The top 5 smart warehouse technologies you should be using today

Smart Warehouse Technologies with SC Junction

Technology in all sectors of the economy is progressing at a rapid pace. To keep up, warehouses need to be equipped with the technologies that allow them to keep up with manufacture, production, and consumer demand. A smart warehouse is automated for improved productivity, efficiency, and accuracy, and the solutions that are implemented give flexibility and capability to the employees and their processes.

Take a look at the technologies you should be using in your smart warehouse, with discussion on how to keep them flexible, functional, and effective.

Why should you automate your warehouse?

In addition to a reduction in human error, lower risk of injury, and the optimisation of throughput, your automation reduces your overheads, adds flexibility to your hours of operation, and allows you to be more accurate in assessing your workforce requirement.

There are a number of popular tools and products available, and you should be using the most prominent of these in your day-to-day operations, integrated for improved performance.

Supply Chain Junction’s Top 5 Must-Have Smart Warehouse Technologies

In no specific order, these are the five technologies you need access to in your warehouse today:

1. A Warehouse Management System

A WMS should comprehensively consolidate all of your critical warehouse data into one easily accessible platform, to give select members of your supply chain a full view of your workings, lightning-fast reporting, real-time statistics, and accurate planning capabilities.

The use of your warehouse management system should perfectly complement your other autonomous processes, and provide the following benefits:

  • Real-time access to quality data giving you increased visibility throughout your supply chain
  • Accurate demand forecasting
  • Reduced labour costs due to efficient labour allocation
  • Streamlined warehouse processes
  • Optimised warehouse layout
  • Improved inventory accuracy
  • Improved pick accuracy
  • Decreased time between picks
  • Improved warehouse flexibility and responsiveness
  • Improved warehouse safety and security
  • Improved supplier relationships
  • Improved customer service levels
  • The ability to implement an ongoing optimisation strategy

2. Automated Picking Tools

We’ve worked with several companies who progressed through the stages of pick technology evolution - from paper to RF - and seen huge productivity and accuracy improvements.

In high-volume, high-labour cost distribution centres, picking is either performed or aided by using material handling equipment like put-to-light, automated storage and retrieval systems (ASRS), and goods-to-man.

Your warehouse can benefit from near-perfect picking rates with the inclusion of automated picking elements into your warehouse. There are a variety of different tools within this grouping, (like voice automated picking and pick-to-light) but remember: your WMS is designed to streamline your warehouse operations.

It improves picking by making it faster, improving labour allocation and reducing human error.

Instead of manually having to calculate the best locations, storage media, and pick paths for stock, your WMS does all the heavy lifting for you.

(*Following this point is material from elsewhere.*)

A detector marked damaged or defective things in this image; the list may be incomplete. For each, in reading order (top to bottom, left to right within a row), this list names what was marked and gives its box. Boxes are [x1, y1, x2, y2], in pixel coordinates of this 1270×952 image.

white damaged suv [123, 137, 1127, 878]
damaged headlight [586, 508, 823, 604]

3. Automated Guided Vehicles

AGVs are an efficient mechanism of ramping up your storage and retrieval process, in putaway, loading, and stocktake. AGVs are self-guided and can include forklifts and pallet carts, which follow digital paths through the facility to load and unload pallets, boxes, and other containers.

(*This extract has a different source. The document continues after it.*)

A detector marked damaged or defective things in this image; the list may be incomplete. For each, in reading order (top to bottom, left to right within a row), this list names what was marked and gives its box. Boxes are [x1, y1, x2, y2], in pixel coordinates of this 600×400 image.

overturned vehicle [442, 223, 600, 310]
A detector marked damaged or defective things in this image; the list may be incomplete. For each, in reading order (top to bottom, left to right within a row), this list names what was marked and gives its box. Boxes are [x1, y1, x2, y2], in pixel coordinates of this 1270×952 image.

These vehicles can be implemented in your warehouse without a complete revisiting of your layout and systems, with the ability to add and expand your AGV complement as required, in line with the growth of your business.

4. Automated inventory control platforms

What do you rely on for inventory logging, cycle counting, and stock take? If you are still using pen and paper for these processes, you are not alone: Motorola reported in 2018 that 41% of warehouse facilities still relied on this manual cycle-counting process.

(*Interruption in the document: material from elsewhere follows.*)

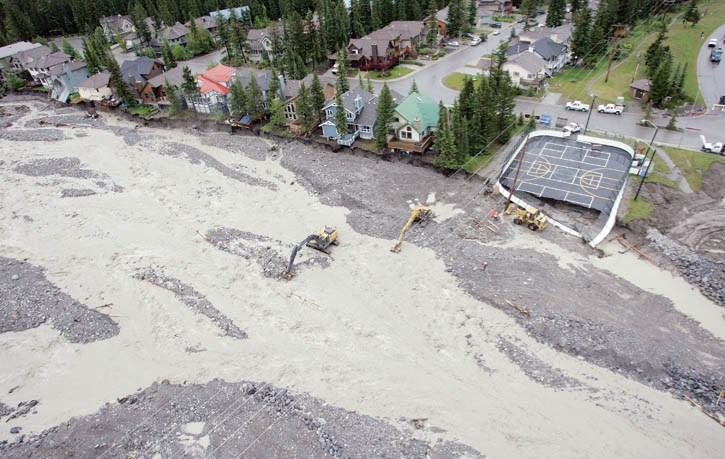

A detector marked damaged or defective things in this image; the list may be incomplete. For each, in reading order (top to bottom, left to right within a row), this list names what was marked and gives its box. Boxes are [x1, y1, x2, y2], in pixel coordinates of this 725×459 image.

This method, while tried and tested, is notoriously prone to errors in data, transcription, and consistency, and can cause immense disruption in your operations.

When you implement an inventory control platform with the requisite use of asset and inventory tags, these platforms allow you to automate stock counting, with data synthesised quickly for real-time, accurate reporting that can be accessed remotely.

5. IoT Implementation

The Internet of Things is the overarching concept (not an individual item) that informs how you control all the moving parts of your warehouse.

The IoT can help your warehouse to reduce risk and avoid mistakes or accidents that can create losses in the supply chain by early detection.

  • Sensors in the warehouse can monitor temperature, moisture, and other conditions.
  • Data coming from shipping conveyances, vehicles, and the products themselves can be combined to reduce theft, counterfeiting, diversion, and spoilage.

Whether automated or manual, the IoT system synchronises all of your data in an easy-to-access network, helping to optimise your inventory control (with double the impact if integrated with an automated inventory control platform), labour planning, and customer experience (through streamlined processes and improved turnaround time).

Tarsus Case Study

A step further with autonomous warehouse systems: Collaborative Robots

“Cobots” are fully autonomous and robotic technologies which require a sizable investment and infrastructure overhaul but are a VERY nice-to-have addition to a busy warehouse. Cobots are built to work with your existing associates, not without them.

Warehouses using these technologies can often keep most of their existing processes and infrastructure designs while benefiting from the optimised workflow that is achieved with this robotics.

Your integrated, automated warehouse processes could be also be supplemented with a number of robotic technologies, integrated with Materials Handling Units - like Automated Storage and Retrieval systems, which, in the past, have been clunky and ineffective, but are now becoming sleeker and more efficient.

Where to begin the warehouse optimisation process?

Now that your wish-list is full, and your long-term plans are coming into view, it’s best to start off with the simpler processes which help to streamline your operations:

This practical guidebook contains tips from our supply chain experts to help you implement processes that support your business goals and help you to develop a world-class warehouse.

Download the guide to warehouse optimisation - checklists

 

Take A Look At The Results Of A Successful WMS Implementation.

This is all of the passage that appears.